** Opening Information shown block **

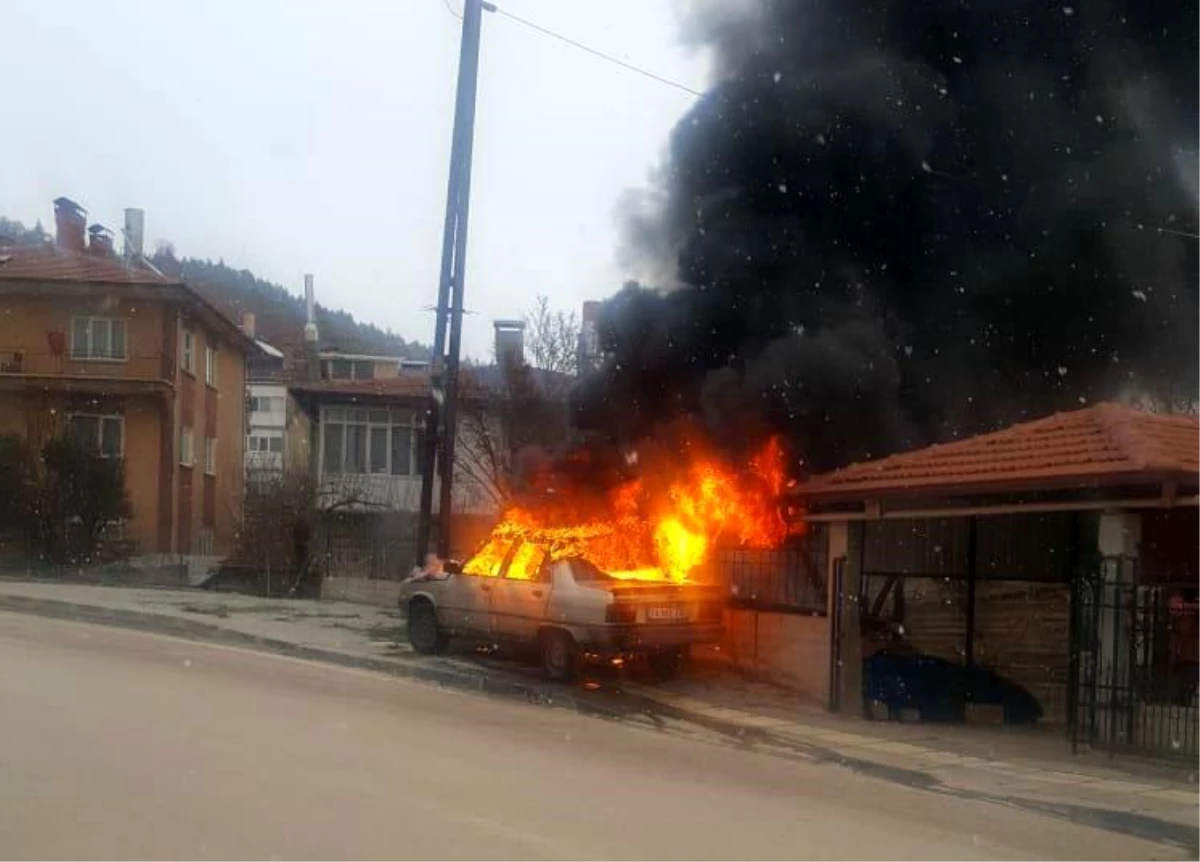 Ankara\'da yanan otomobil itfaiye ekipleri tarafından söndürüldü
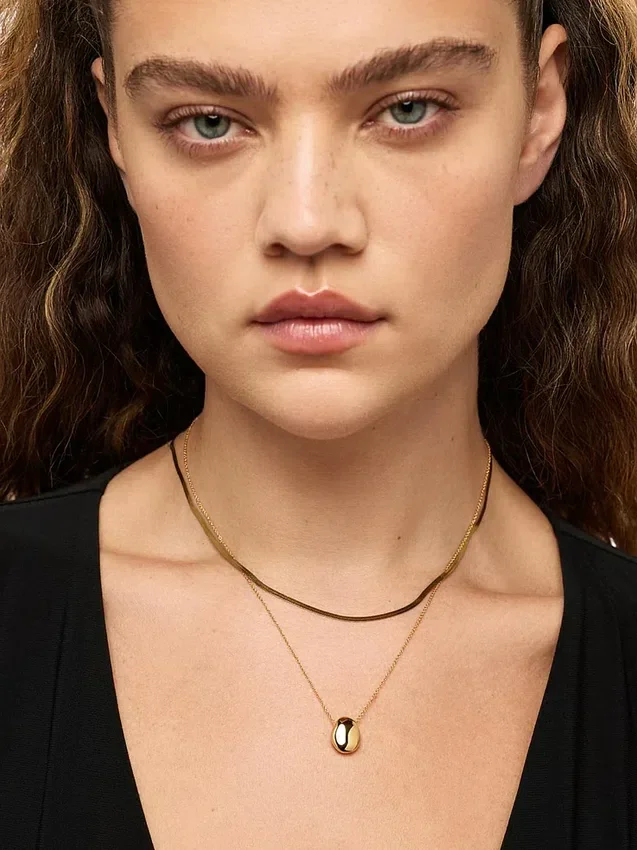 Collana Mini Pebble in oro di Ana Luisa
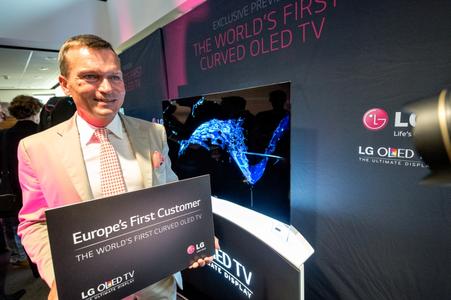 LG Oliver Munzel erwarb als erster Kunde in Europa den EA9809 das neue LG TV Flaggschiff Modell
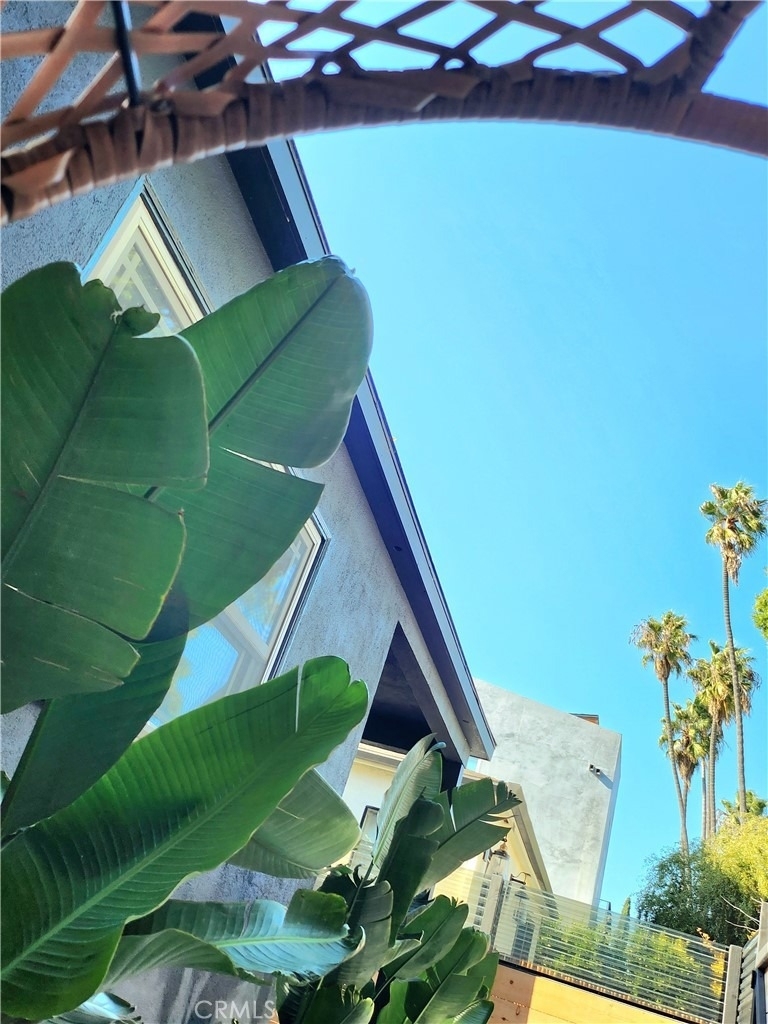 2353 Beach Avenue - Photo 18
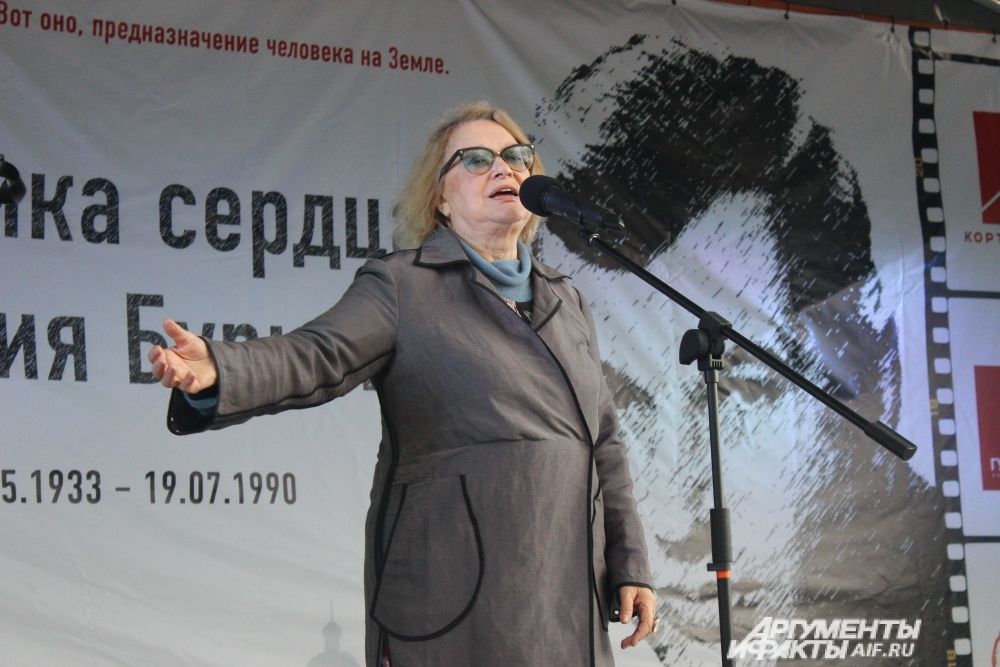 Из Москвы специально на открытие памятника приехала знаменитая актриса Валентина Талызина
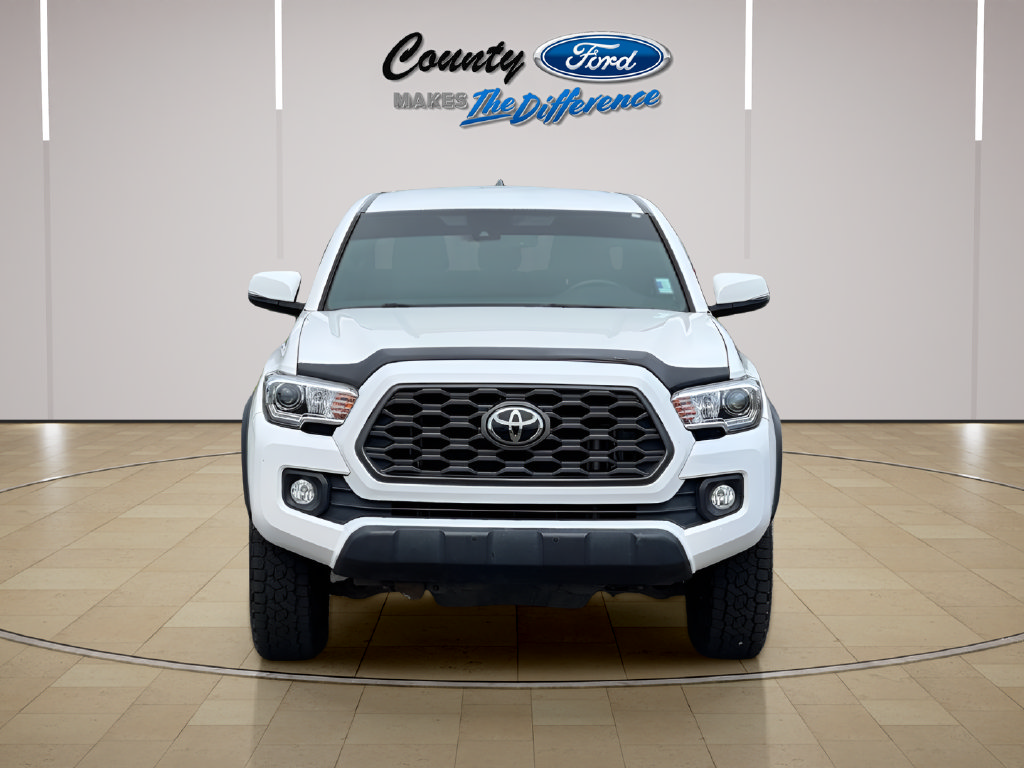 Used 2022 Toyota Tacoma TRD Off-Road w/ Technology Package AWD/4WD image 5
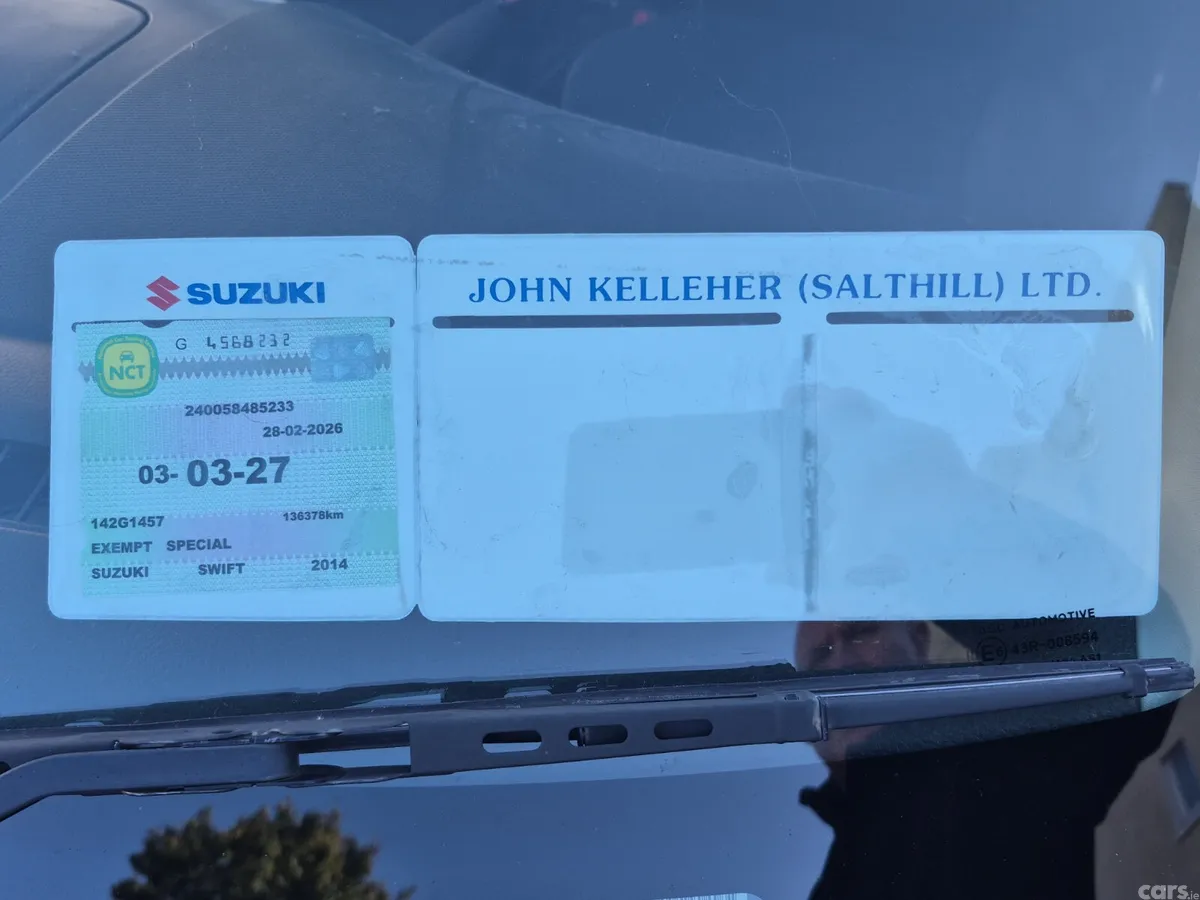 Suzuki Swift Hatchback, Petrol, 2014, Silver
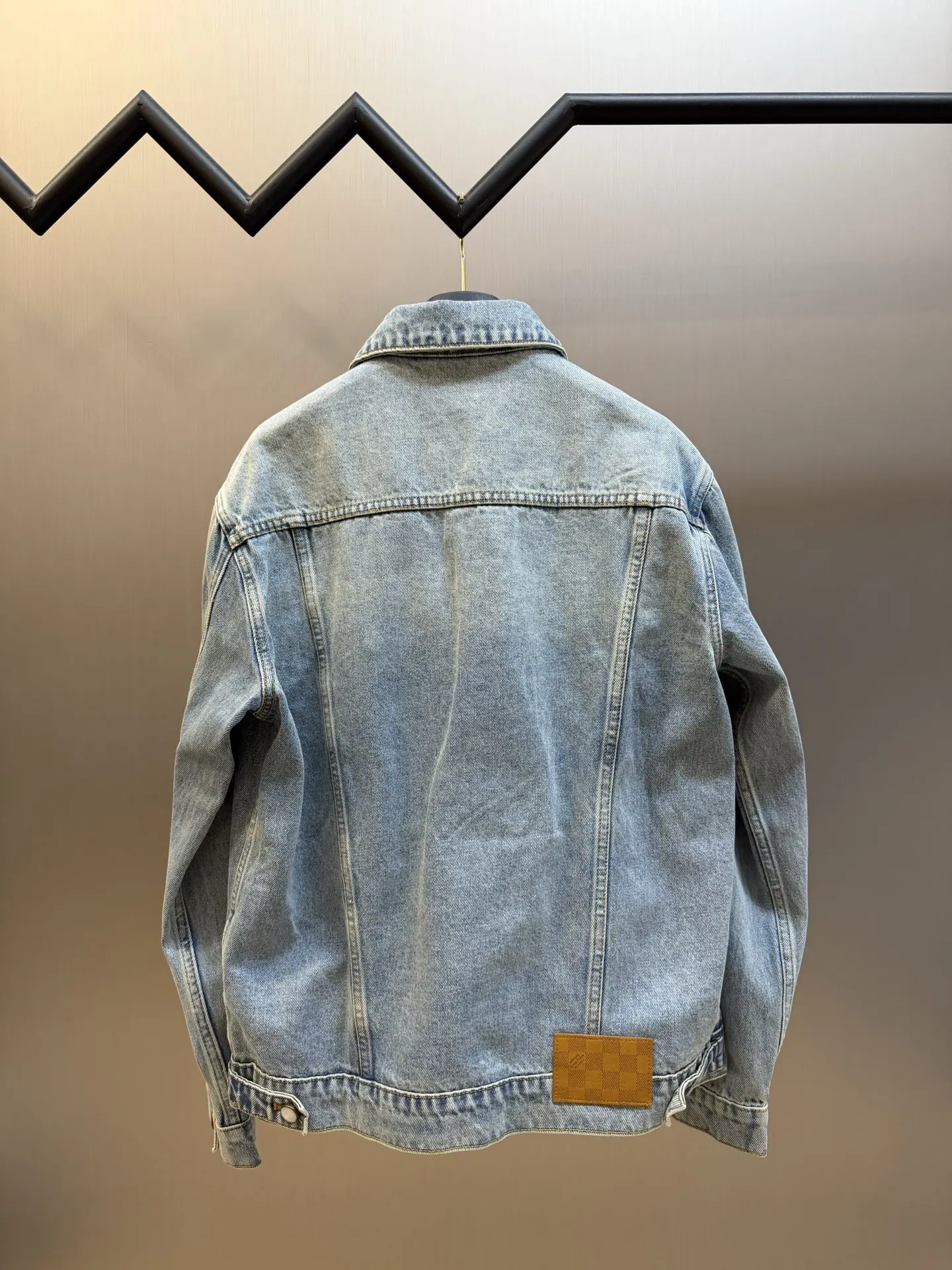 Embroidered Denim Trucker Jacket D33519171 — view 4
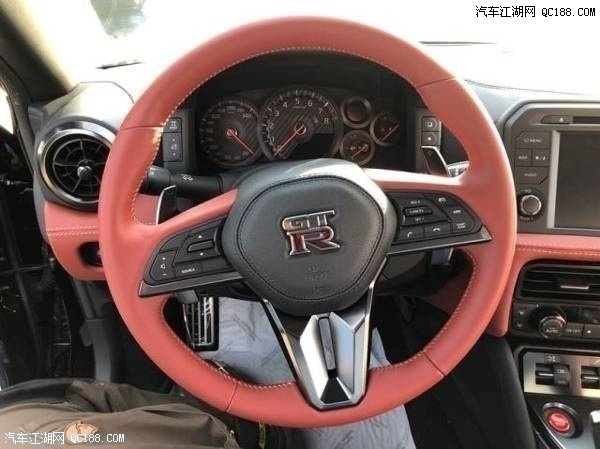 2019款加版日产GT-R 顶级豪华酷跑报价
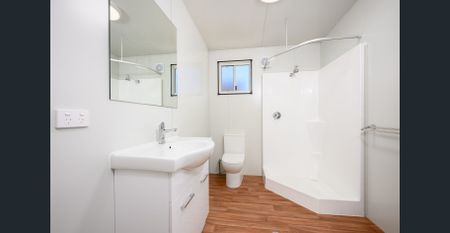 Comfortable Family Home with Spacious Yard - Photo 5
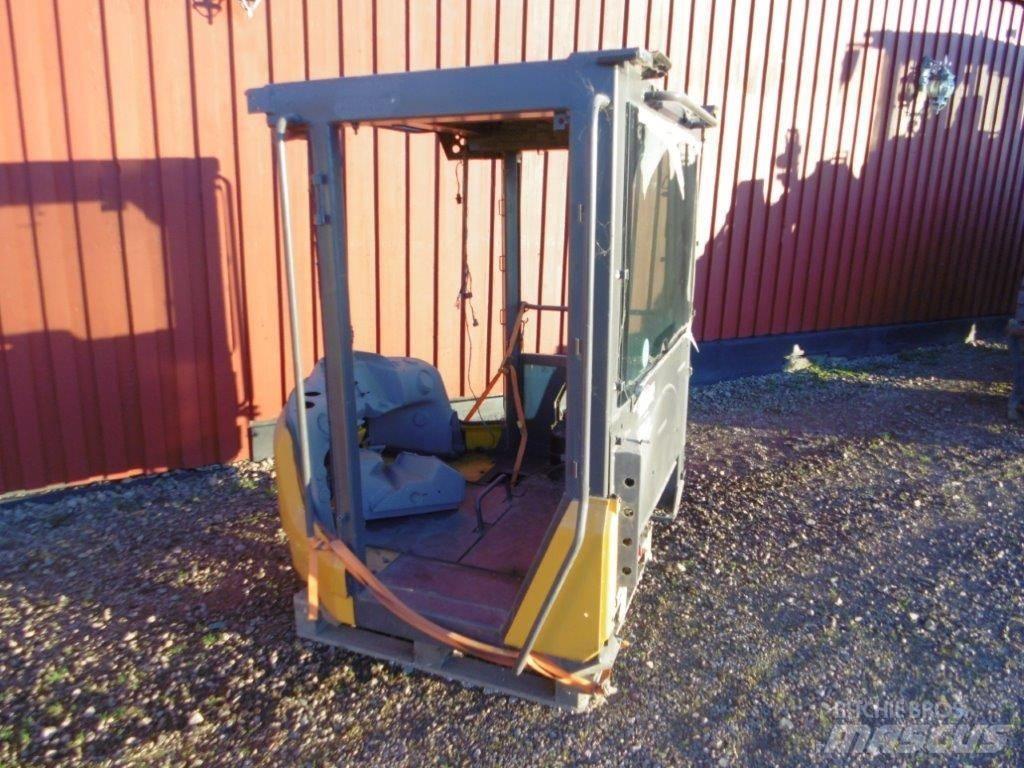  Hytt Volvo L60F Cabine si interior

** Closing Information shown block **

> What you have to do
The pictures stay out of the copy. Set down the entries above precisely.

> Solution
 Ankara\'da yanan otomobil itfaiye ekipleri tarafından söndürüldü
 Collana Mini Pebble in oro di Ana Luisa
 LG Oliver Munzel erwarb als erster Kunde in Europa den EA9809 das neue LG TV Flaggschiff Modell
 2353 Beach Avenue - Photo 18
 Из Москвы специально на открытие памятника приехала знаменитая актриса Валентина Талызина
 Used 2022 Toyota Tacoma TRD Off-Road w/ Technology Package AWD/4WD image 5
 Suzuki Swift Hatchback, Petrol, 2014, Silver
 Embroidered Denim Trucker Jacket D33519171 — view 4
 2019款加版日产GT-R 顶级豪华酷跑报价
 Comfortable Family Home with Spacious Yard - Photo 5
  Hytt Volvo L60F Cabine si interior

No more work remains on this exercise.